Time For Unanimous Outrage At Durbin
June 20, 2005
It’s important that we don’t let Dick Durbin off the hook too quickly. And, it’s important that we not let his shills and enablers turn the tables by saying Republicans are merely attacking him to switch the subject from our alleged abuse of terrorist POWs.
That’s basically what Fox News’ Juan Williams did when he grudgingly admitted that Durbin’s likening of Gitmo to the genocidal Soviet, Cambodian and Nazi regimes was over the top. The decent, though persistently misguided Williams said that Durbin’s crude comparison should not detract from his very important point: that America is abusing prisoners in Guantanamo.
Precisely the reverse is true, Juan. Your reiteration of the bogus charges of torture at the hands of the American military in lame defense of the disloyal and unrepentant Illinois senator must not detract our attention from the unconscionably seditious and unretracted slander he uttered.
Durbin refused to apologize, blaming his hearers for misunderstanding his words, but standing by their content. He did not pretend his statements were made in error, though some of his defenders have said just that, recasting his subsequent remarks as though he’d sheepishly confessed to misspeaking.

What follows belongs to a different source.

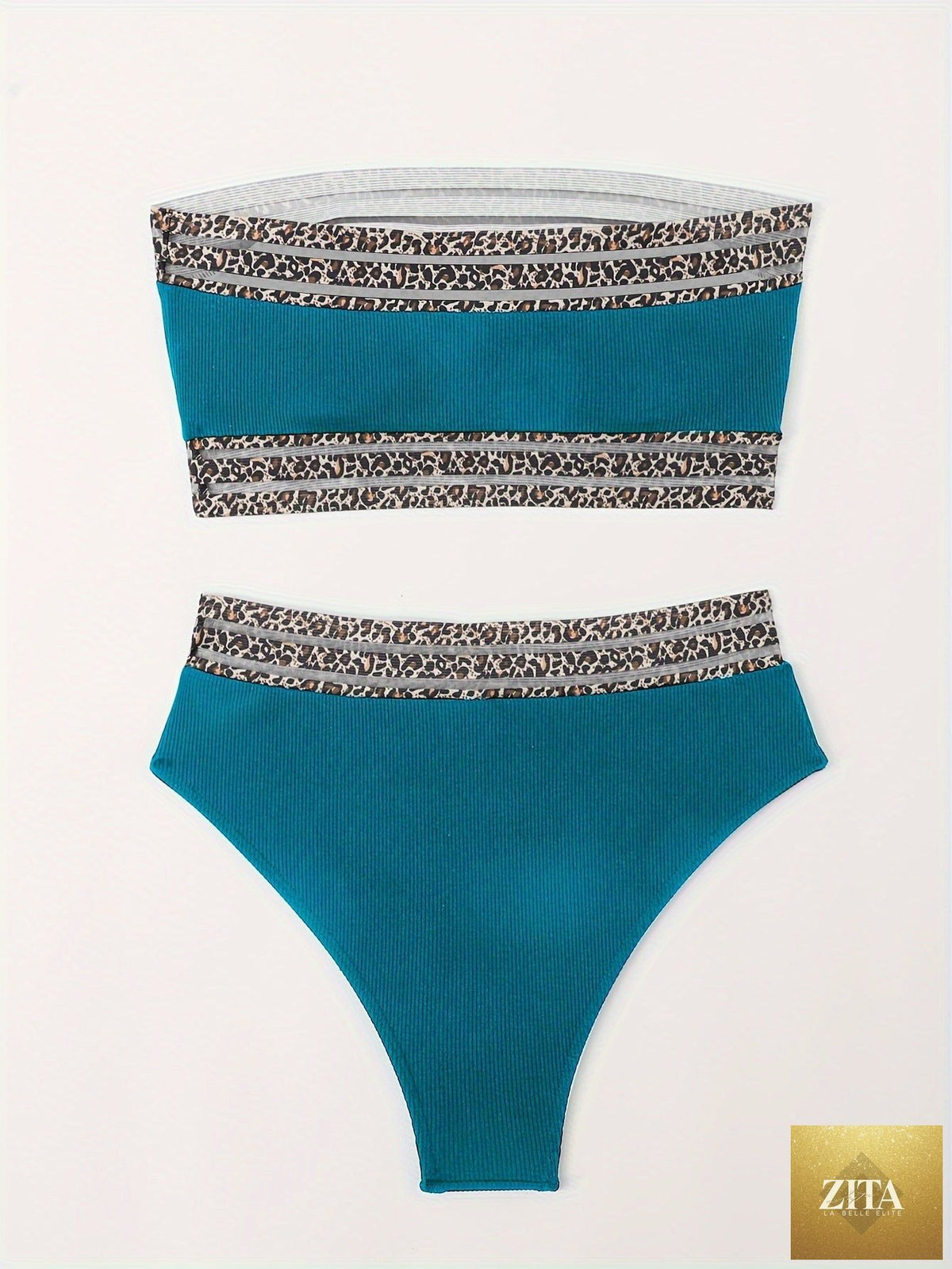 Stevvex leopard print bikini set featuring high waist, bandeau style, mesh details, perfect for beach, pool, and summer vacations.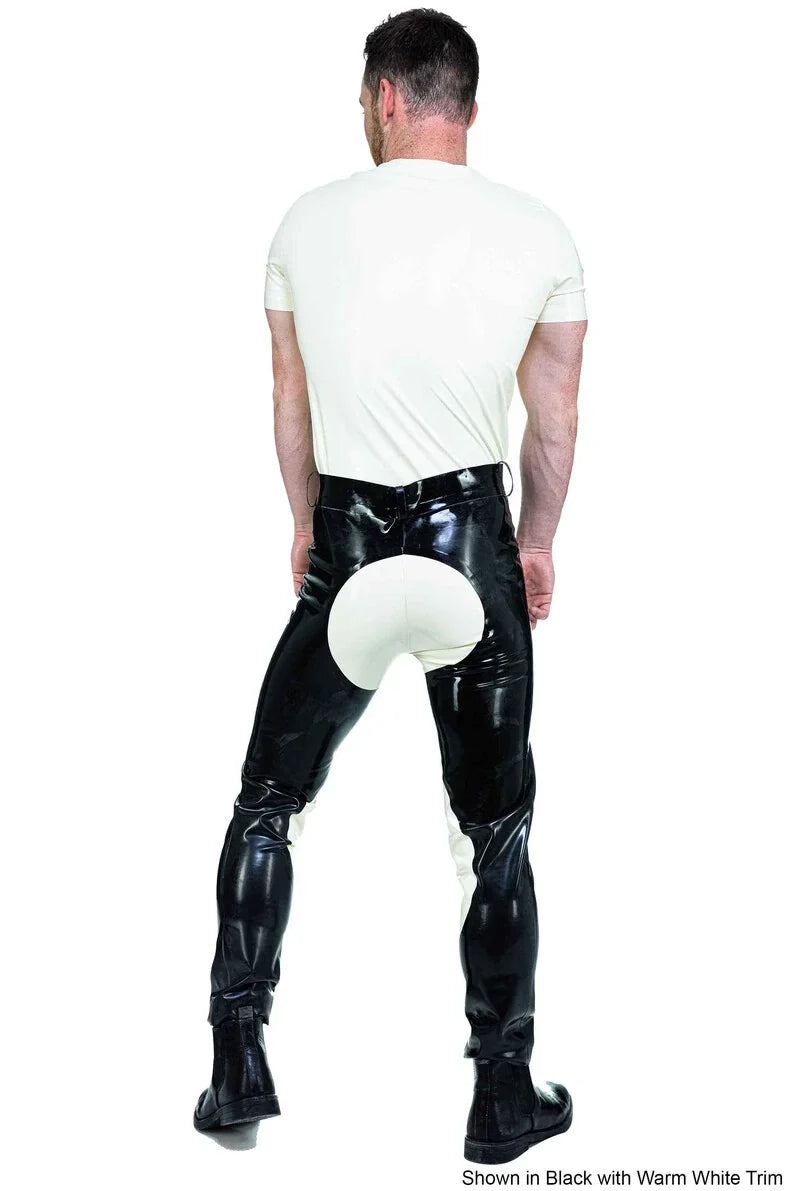 Latex Equestrian-Style Trousers with Contrast Knee and Ankle Panels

Such a ploy doesn’t pass the laugh test for anyone watching the video of Durbin’s outburst, because he was clearly reading from a prepared, written statement. He knew precisely what he was saying, having crafted his exact words for maximum effect prior to taking the Senate floor.
Durbin’s utterance of the remarks after plenty of time for cool and calm reflection coupled with his stubborn unwillingness to apologize eliminate the need for further discussion as to whether he merely misspoke. He may not have anticipated any backlash and thus regrets having brought himself into mild disrepute, but that’s a far cry from having a change of heart about the words he spoke.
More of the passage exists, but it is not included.